Oh, JZ, that's heartbreaking. I dread having that conversation with Rose, though I'm sure we will, many times over.
edit:
I misspoke (mistyped), because I'm sure it won't be the same conversation in many of the details, but it makes me so preemptively sad to think that one day she'll get the cultural message that something about her body or her looks isn't "good enough," even though she's the most gorgeous creature that ever lived. (You know, besides Matilda, and every other Buffista sprog.)
I just really didn't think that conversation would have to start so soon.
I knew I was odd when I hit kinder. Really, just shy, but I internalized odd. All things told, I'm a pretty well adjusted adult. A bit of an introvert. But I spent most of my elem years resigning myself to a bad weird. I shouldn't have.
Poor, Matilda. My heart hurts for her and for you, JZ. I can still very much remember thinking I was as wonderful as my mother told me I was until I was in first grade and the girls I went to school with started telling me how different and not cool I was.
Happy thing of the day: [link]
Life is unfair. This is what Tuc Watkins looks like after 4 months of sleep-deprived single fatherhood to twins: [link]
Aw, fuzzy belly. Hey, Lee, how did you decided on Charlie's name?
I can still very much remember thinking I was as wonderful as my mother told me I was until I was in first grade and the girls I went to school with started telling me how different and not cool I was.
I remember Sophia having a similar story.
I talked to her in the bath. I told her how Emmett had sticky-outy ears as a baby and obviously he turned out just fine. And that (a) she looks fine; and (b) we don't always see ourselves the way other people see us; and (c) if she really wants curly hair like I______ she can get a perm. That you can choose how you want to look.
And I said, "You know what I notice about people? About the way they look? It's their style that makes them interesting. I said, "You know how Jilli dresses fancy?" And she nodded. I said, "That's one of the things that makes Jilli beautiful. Because her style is something she creates, that she makes for herself.

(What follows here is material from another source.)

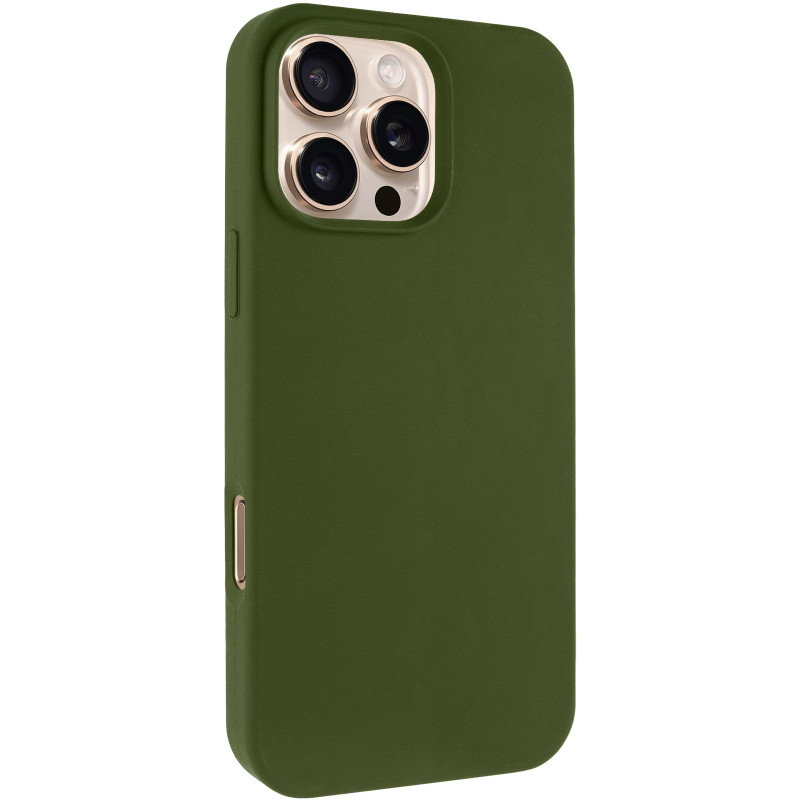 Чехол Silk Full Protective (AA) NO LOGO для Apple iPhone 16 Pro Max (6.9") Херсон - изображение 1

I talked about the things that we like in other people and it's not the way they look so much as whether they are kind and funny and interesting. But style is nice too.
Then I told Emmett that Matilda felt bad about her ears and I mentioned the story about his sticky-outy ears. And he picked her up and tipped her upside down and said, "What are you complaining about?! Your ears are perfect and lie flat to your head. I have ear problems! And I'm gorgeous! You're just making up a problem that's not real!"
Which made her laugh. Maybe because there was some tickling and she was upside down.
Hey, Lee, how did you decided on Charlie's name?
I needed one by sunday when we start obedience class, and Charlie seemed to be the best fit I came up with
My grandparents had a dog named Charlie and he was a great dog, so I am favorably disposed.
Isaac was in meltdown mode today too. Full on tantrum like I hadn't seen in ages. Maybe there's something in the air? Nah, I think in Isaac's case it's just a matter of overtired.
C just went to go see Yo La Tengo. I'd have liked to go with him, but more important that he get to see the show than he get to see it with me.
Franny had an interesting moment recently that's related to Matilda's meltdown. She has been doing that thing of being hard on herself, saying "I'm stupid" or "I can't" or, on this particular day, "I'm ugly." And I reminded her that she knew better than to talk about herself like that. So she whispered to me "I know I'm beautiful, mom, but I *feel like* I'm ugly."